For the past week or so my blood sugar has shown no consistency and has had no discernable trends. My blood sugar has alternated between a high day and a low day each of the pat 7 days; I've never experienced something like this and have no clue what's going on. No matter how much data I collect or how actively I manage my blood sugar with insulin I can't get it under control.
Originally I had thought my 300 - 400 day on Sunday was due to all the salt and water I lost during my hellish 100 mile ride on Saturday. I figured that the intensity of that workout caused my body's metabolic rate to go totally out of whack. The previous week my blood sugars had been a bit funky but were only a little outside the realm of normal. Monday after my 15 mile run my blood sugars were fine throughout the day, they never crested above 210 and I was pretty happy with how my body reacted to insulin intakes.
Tuesday it was back to a day of highs, where I had to fight off 300s throughout the day. I was able to get in all my workouts on Tuesday including a pretty hard swim with a 10 x 100 hard effort but my blood sugar was still in the 300s for a few hours from 9pm to 12 am, no matter how much insulin I took in. Then yesterday my blood sugars returned to the normal range, I even had a few lows, including one particurally bad low around 12 pm.
Fast forward to 9pm last night - my blood sugars crested back into the 200s (maybe a basal rate, maybe too many carbs at dinner). I woke up with 2 low blood sugars below 60 last night and woke up with a blood sugar of 85 - seemed like it would be a day of steady blood sugars. At 9:30 am I had my regular breakfast of 1 bannana, a 1/2 cup of frozen berries and 6 oz of odawala superfood; a total of 45 grams of carbohydrates. My blood sugar seemed to be stable, until it spiked way up to 251 - I have the same breakfast just about everyday and I can't recall a time delayed spike like that at any previous time.

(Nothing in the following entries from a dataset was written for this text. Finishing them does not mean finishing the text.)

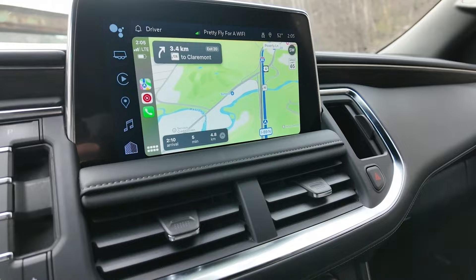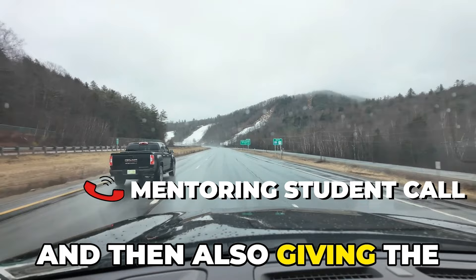On a tripod, and also giving the assistant a handheld to walk around and get alternate angles.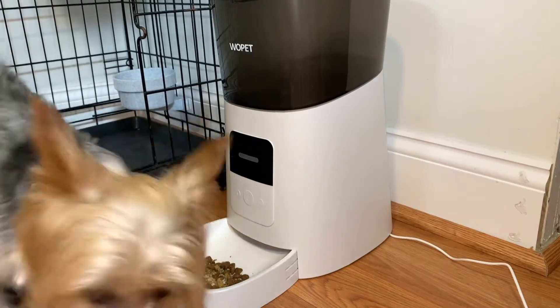He actually took to it very well. The dispenser noise freaked him out at first, but he ended up eating from it after a while when he realized it's food. Dogs and cats are going to realize it's food and they're going to eat from it. In the beginning, just introduce it in a way that makes them feel comfortable and safe. I actually really enjoy my Wopat Automatic Feeder.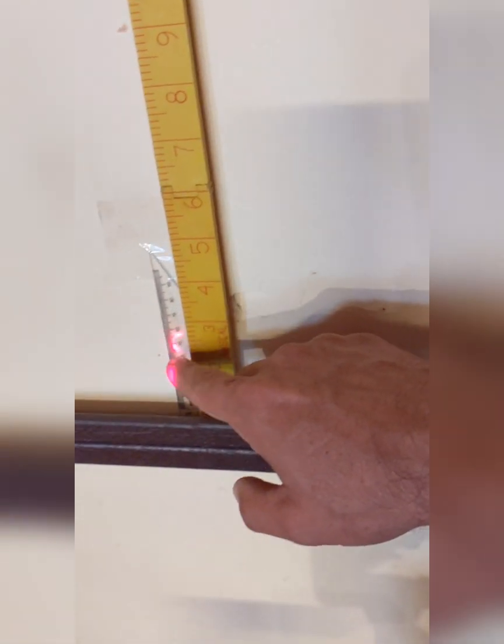This laser setup is quite sensitive — the whole balance setup. The camera isn't focusing very well, but the laser is reading between 20 and 30 centimeters, and the bottom is just at the one-inch mark. I'm going to now proceed with the experiment.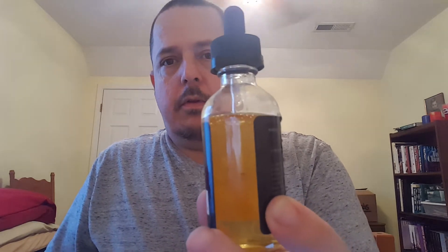That's how much I've been using it — it's dripping outside the bottle. As you can tell, I like this liquid. This is about my third bottle. It comes in only 60 mils, and it comes in 0, 3, and 6 nicotine levels on Mojo Vapor's website.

This every other day trend is driving me crazy and I can't figure it out. I'm nervous to play around with my basal rates because I seem to fluctuate between hi and low and don't want the lows to get too dangerous. I have my regularly scheduled appointment with my endo tomorrow so hopefully we can come up with a strategy to solve what's going on.
2 comments:
These kind of things drive me nuts too. You haven't changed much of anything, yet BOOM - your numbers go all out of whack. What gives? Diabetes makes no sense sometimes.

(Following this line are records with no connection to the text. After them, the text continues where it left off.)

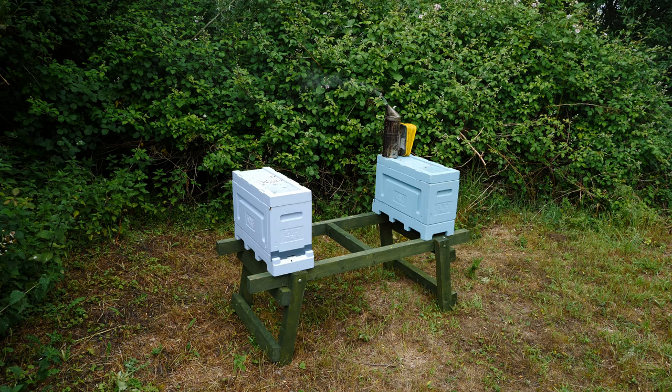Hi everyone and welcome back to our Honeypaw sponsored series of videos for this year. Honeypaw hives have very kindly sponsored our season-long run of videos using the Honeypaw Poly Langstroth hives.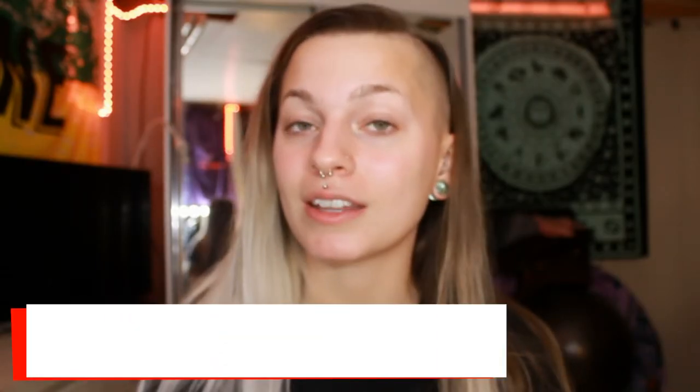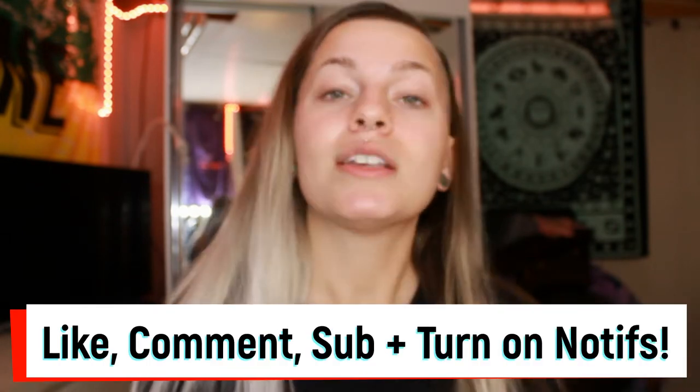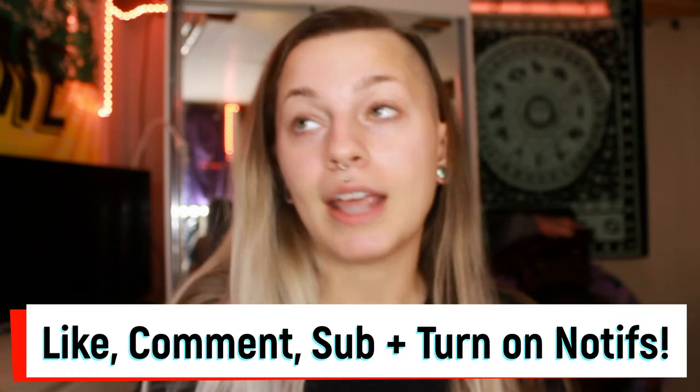But if you're new, welcome to my channel. Before we get into everything, make sure to like this video if you end up enjoying it, comment whatever you want to comment, subscribe for more of my content, and turn on that bell to know when I post. It's every Thursday at noon, but in case you forget, you would probably want that on.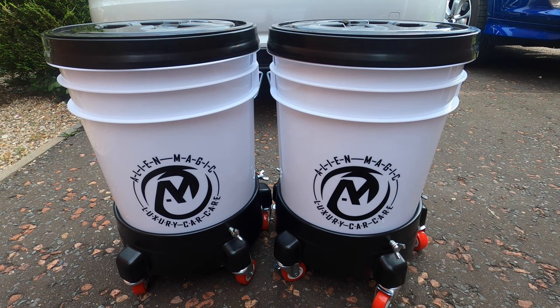Hi folks, this is Andy from The Car Boutique. It is June 2021 and another accessory review, this time a fine installment from my friends at Alien Magic Luxury Car Care. Today's review is going to be on their detailing bucket system and dolly — we've got two.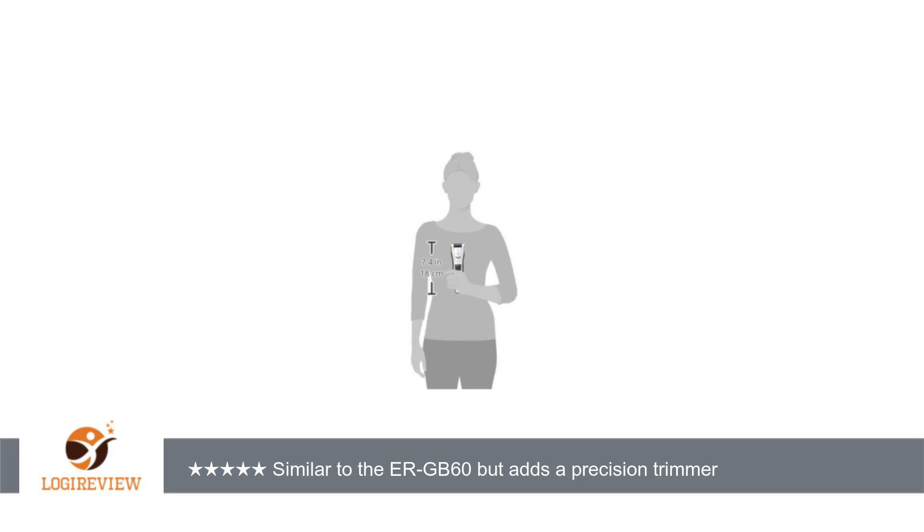However, overall I prefer my Remington PG-6250 trimmer, which is smaller and has fewer settings, but is easier to use. Thank you for watching.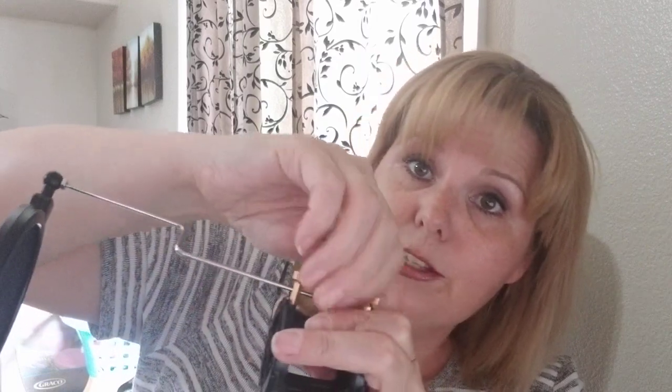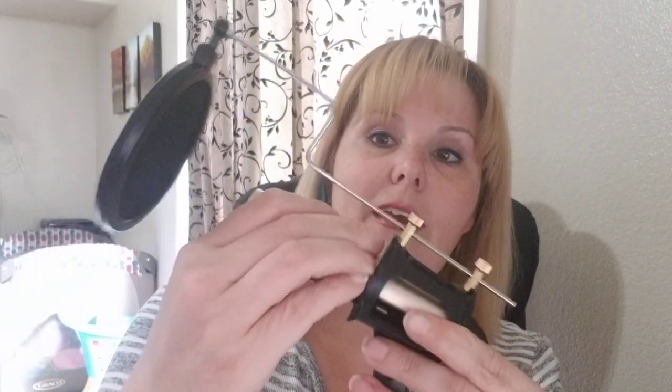It was easy to set up — I was able to figure it out without even looking at the instructions, so that should say something. You can adjust it to whatever angle you want, get your microphone slid into place, and you're good to go.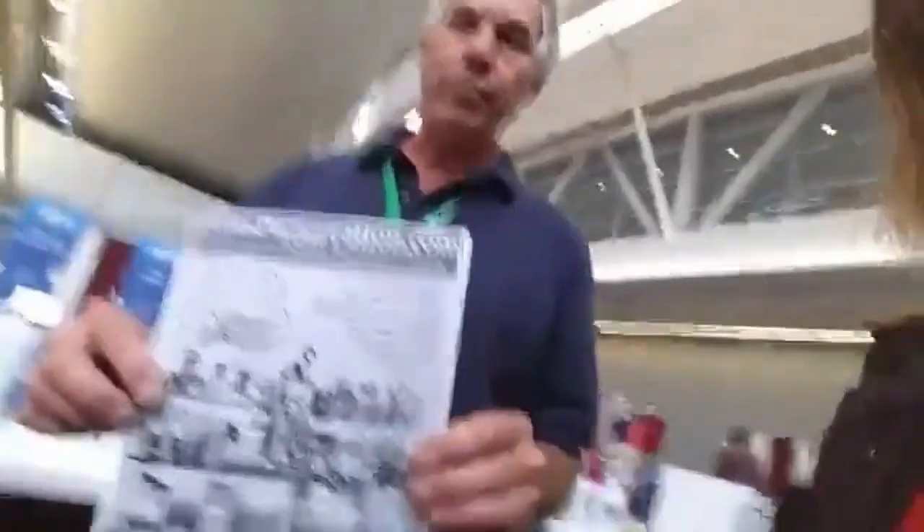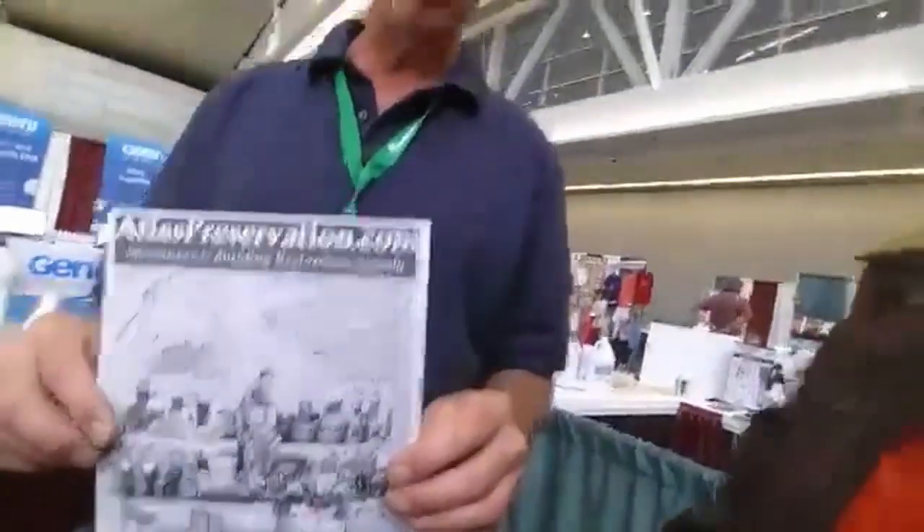My company is Atlas Preservation and you can call me personally with technical questions. My phone number is 860-558-2785. What I do for a living besides selling products is I perform gravestone preservation workshops nationally — I've worked in over 35 states. I also do projects working on historic gravestones and monuments. Recently I was working at Jamestown in Virginia on possibly the oldest gravestone in America.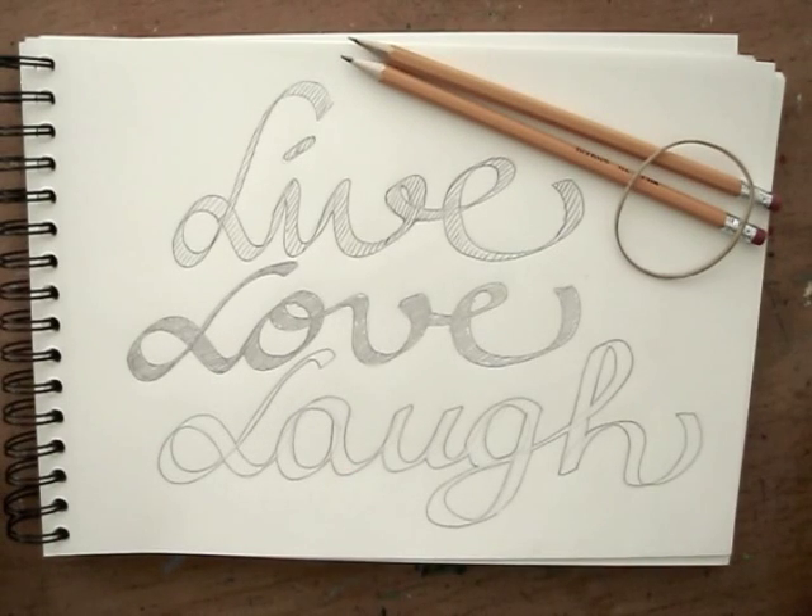See what happens when you write your words smaller or larger. Experiment! Have fun!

After 33 years taking insulin, I find no rhyme or reason to any of it. It seems to have a mind of its own, the frustration exacerbated by doctors and well-meaning family and friends who ask what you did wrong to cause these swings. I think it is a very imperfect science. We cannot factor everything in, but we still have to try. The thing is - we can't take responsibility for every fluctuation because sometimes there is no explanation besides that's just the way it is.